» **Try it**
Every picture stays out; everything else in the listing below is to be returned exactly.

» **Collected material**
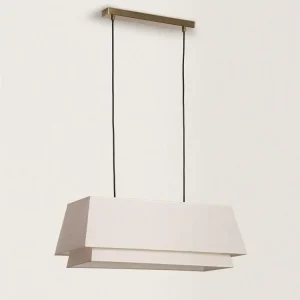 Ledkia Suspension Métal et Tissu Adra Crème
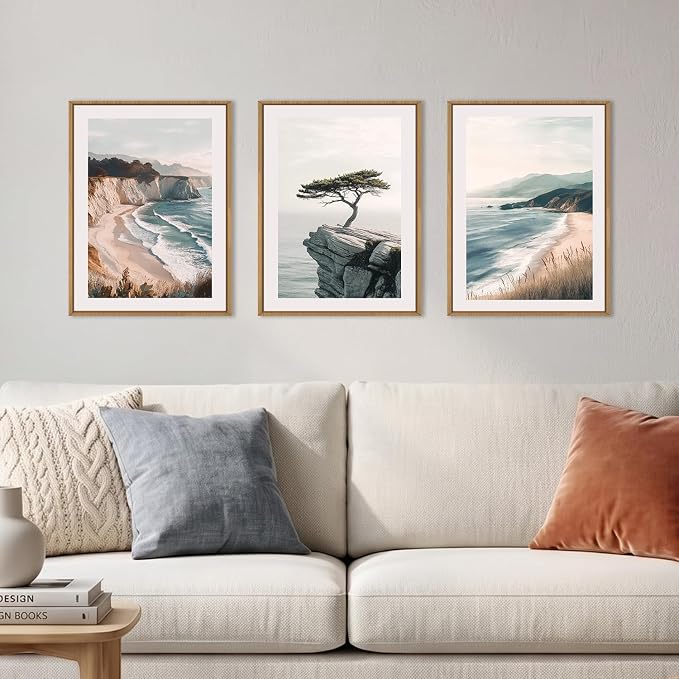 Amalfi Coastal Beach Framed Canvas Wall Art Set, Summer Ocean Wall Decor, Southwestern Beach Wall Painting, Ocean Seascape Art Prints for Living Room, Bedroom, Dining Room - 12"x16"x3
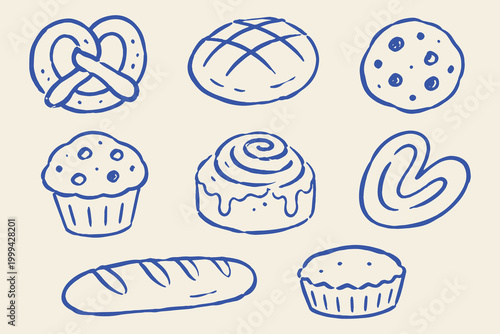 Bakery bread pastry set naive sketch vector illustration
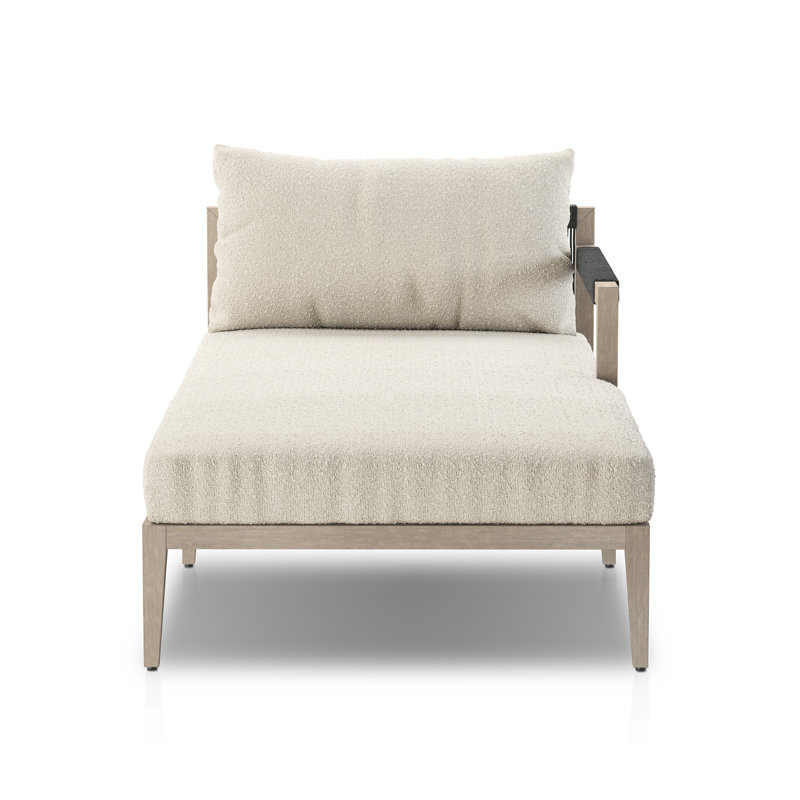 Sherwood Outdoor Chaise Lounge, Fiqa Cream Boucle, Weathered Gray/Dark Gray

» **Exercise response**
 Ledkia Suspension Métal et Tissu Adra Crème
 Amalfi Coastal Beach Framed Canvas Wall Art Set, Summer Ocean Wall Decor, Southwestern Beach Wall Painting, Ocean Seascape Art Prints for Living Room, Bedroom, Dining Room - 12"x16"x3
 Bakery bread pastry set naive sketch vector illustration
 Sherwood Outdoor Chaise Lounge, Fiqa Cream Boucle, Weathered Gray/Dark Gray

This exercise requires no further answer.